We experienced this a lot.
The main problem, which I have experienced a lot is that the feature gets tested, it seems OK, you push it to production and then you experience problems.
My approach to this (I am a one-man QA operations with 4 developers!) is a good mix of automated regression tests combined with unit testing the current feature.
I don't have the time or capacity to write (selenium in my case) scripts for all the various features being delivered, so what I do is tested them manually. That's usually fairly straight-forward. I focus on multiple browsers, version and devices at this point to see how things look. I try to put in unusual values, click all links, that kinda stuff.
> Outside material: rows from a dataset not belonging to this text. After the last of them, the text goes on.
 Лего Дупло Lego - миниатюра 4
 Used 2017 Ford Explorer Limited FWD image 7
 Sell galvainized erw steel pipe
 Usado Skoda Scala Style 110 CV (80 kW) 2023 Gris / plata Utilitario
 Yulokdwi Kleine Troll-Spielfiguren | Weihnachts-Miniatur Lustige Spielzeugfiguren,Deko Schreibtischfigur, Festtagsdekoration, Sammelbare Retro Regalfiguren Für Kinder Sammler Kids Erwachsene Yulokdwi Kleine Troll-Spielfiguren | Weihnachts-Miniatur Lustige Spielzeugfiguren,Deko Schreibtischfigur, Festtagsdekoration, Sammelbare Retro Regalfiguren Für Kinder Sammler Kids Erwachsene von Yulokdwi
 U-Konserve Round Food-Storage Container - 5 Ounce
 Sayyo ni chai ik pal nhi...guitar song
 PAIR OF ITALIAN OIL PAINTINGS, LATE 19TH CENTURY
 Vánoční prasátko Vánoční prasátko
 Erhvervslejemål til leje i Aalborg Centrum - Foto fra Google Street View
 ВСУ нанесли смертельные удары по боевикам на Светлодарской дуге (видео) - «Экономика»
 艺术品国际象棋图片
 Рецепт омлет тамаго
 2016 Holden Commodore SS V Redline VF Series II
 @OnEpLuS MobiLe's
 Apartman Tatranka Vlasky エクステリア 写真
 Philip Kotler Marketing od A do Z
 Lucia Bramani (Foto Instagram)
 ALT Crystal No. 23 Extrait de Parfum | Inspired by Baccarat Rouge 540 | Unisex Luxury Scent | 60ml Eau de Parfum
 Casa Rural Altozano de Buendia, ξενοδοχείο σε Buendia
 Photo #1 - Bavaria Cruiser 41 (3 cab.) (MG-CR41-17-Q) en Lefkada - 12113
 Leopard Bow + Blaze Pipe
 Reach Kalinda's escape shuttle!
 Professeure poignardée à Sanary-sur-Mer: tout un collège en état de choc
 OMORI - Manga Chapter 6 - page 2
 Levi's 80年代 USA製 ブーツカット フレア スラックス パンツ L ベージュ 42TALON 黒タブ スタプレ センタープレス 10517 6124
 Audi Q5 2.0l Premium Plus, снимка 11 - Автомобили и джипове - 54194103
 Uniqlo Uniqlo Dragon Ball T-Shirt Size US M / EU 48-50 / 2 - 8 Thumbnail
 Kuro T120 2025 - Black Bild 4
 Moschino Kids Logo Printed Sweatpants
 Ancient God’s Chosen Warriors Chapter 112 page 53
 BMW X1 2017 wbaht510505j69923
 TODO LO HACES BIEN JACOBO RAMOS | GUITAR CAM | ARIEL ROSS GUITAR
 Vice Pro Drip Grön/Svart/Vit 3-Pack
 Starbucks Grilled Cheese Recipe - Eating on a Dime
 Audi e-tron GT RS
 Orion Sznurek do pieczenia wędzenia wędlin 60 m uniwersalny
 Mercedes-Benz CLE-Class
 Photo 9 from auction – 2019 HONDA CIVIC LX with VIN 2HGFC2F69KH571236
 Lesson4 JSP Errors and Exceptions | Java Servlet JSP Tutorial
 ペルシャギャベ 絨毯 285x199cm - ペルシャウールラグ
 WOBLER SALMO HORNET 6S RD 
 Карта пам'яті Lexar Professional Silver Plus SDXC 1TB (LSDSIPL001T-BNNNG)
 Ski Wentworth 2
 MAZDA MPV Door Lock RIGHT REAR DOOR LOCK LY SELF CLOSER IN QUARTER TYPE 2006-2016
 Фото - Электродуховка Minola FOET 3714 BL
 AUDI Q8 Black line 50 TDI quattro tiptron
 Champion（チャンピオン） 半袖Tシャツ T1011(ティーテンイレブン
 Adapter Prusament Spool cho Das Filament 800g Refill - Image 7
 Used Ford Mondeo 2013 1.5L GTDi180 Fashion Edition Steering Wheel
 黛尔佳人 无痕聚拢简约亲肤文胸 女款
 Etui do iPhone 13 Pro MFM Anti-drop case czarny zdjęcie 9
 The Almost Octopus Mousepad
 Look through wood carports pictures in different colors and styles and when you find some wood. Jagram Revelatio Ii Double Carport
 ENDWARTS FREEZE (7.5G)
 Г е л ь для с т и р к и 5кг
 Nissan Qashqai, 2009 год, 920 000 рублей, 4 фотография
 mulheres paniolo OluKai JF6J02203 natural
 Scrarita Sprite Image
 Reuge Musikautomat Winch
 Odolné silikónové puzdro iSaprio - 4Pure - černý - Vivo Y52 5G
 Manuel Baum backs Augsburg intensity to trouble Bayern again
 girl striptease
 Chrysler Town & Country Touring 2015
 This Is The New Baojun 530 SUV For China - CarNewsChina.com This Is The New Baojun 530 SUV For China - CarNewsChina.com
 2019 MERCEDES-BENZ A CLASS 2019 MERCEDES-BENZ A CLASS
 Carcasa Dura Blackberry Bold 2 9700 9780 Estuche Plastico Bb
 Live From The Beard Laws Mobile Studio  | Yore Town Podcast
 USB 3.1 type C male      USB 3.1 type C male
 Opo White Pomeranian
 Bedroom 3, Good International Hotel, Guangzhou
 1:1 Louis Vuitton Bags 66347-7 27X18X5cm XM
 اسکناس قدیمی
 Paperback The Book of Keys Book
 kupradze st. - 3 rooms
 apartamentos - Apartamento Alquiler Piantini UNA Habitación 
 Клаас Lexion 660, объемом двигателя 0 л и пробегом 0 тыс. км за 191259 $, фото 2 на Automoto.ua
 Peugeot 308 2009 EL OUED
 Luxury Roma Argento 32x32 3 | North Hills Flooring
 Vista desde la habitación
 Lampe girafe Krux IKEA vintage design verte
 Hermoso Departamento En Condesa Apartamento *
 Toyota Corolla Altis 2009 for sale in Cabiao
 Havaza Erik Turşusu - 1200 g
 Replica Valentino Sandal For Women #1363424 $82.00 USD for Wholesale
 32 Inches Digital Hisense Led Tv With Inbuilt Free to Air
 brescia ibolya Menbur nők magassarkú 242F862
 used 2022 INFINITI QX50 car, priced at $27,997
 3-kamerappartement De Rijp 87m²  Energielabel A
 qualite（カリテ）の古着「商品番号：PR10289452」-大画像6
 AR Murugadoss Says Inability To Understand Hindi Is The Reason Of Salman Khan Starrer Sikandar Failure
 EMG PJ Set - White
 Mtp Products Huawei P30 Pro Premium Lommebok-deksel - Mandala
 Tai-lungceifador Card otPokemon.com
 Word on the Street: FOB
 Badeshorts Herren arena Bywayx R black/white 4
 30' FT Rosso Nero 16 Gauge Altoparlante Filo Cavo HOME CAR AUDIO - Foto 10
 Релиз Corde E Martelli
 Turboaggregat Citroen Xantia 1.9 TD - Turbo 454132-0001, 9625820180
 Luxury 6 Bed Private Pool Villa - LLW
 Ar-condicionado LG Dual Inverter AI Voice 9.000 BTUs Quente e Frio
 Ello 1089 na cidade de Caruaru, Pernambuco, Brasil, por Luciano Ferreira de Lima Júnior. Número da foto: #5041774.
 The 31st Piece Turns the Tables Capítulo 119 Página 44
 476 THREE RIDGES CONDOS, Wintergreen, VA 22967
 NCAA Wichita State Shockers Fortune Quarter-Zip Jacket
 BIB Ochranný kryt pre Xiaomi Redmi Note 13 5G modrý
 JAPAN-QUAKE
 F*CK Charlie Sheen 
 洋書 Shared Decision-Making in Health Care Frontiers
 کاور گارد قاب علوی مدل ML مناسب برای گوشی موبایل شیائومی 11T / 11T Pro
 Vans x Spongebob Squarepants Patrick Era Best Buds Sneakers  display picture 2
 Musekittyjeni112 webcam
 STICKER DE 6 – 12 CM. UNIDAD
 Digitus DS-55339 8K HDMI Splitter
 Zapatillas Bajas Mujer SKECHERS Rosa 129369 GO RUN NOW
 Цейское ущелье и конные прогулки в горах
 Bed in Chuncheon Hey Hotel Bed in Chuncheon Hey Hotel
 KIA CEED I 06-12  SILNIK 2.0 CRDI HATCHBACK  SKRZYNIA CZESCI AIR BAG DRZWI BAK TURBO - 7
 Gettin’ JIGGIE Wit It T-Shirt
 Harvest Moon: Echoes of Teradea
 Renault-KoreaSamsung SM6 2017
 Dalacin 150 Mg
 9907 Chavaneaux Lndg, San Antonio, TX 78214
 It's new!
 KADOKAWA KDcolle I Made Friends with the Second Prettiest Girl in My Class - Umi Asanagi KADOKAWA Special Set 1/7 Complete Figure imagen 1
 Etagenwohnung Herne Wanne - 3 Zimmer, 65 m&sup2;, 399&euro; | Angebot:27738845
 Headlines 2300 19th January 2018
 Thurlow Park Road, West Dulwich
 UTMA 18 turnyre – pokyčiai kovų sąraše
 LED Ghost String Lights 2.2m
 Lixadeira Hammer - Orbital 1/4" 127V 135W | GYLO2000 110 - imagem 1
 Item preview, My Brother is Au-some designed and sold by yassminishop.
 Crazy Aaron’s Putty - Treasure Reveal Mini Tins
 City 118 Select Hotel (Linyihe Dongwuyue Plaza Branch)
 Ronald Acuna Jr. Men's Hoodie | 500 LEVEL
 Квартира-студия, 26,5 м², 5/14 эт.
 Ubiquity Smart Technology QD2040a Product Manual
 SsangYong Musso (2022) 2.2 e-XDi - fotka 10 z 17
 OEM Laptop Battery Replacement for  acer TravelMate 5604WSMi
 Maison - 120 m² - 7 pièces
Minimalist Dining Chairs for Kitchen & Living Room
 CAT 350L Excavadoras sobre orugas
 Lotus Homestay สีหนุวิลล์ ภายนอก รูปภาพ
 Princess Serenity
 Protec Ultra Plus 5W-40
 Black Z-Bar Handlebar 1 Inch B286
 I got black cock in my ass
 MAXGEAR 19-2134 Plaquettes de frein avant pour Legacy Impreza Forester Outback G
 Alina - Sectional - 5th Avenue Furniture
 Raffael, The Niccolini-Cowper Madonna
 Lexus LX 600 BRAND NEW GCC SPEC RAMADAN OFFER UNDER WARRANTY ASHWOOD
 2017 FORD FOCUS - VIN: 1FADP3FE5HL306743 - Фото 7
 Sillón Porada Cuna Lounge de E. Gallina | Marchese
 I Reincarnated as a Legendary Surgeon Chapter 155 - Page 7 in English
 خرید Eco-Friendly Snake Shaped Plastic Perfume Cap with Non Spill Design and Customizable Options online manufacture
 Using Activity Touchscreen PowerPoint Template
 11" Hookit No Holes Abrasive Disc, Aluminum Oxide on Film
Also 'when' QA gets involved is important. I have seen two approaches to this:
- When the feature has been coded and delivered and is deemed 'ready for QA'
- During the design session
It is easiest to do 1) but this leads to QA being too late in the process and - critically - not being involved in the design or layout. This in turn leads to low motivation and low job satisfaction which are the two biggest killers to getting high-quality work. Under approach 2) when QA is involved up-front during design, they are then more likely to be motivated to do good QA when the time comes.
Also - make sure (and humor can help here) that QA knows that it's really good when they find bug(s). It is their job and it saves the company from putting it in front of the client.
"Many QA testers quickly feel they become Product Owners themselves. Find a ay to work with this, not against it."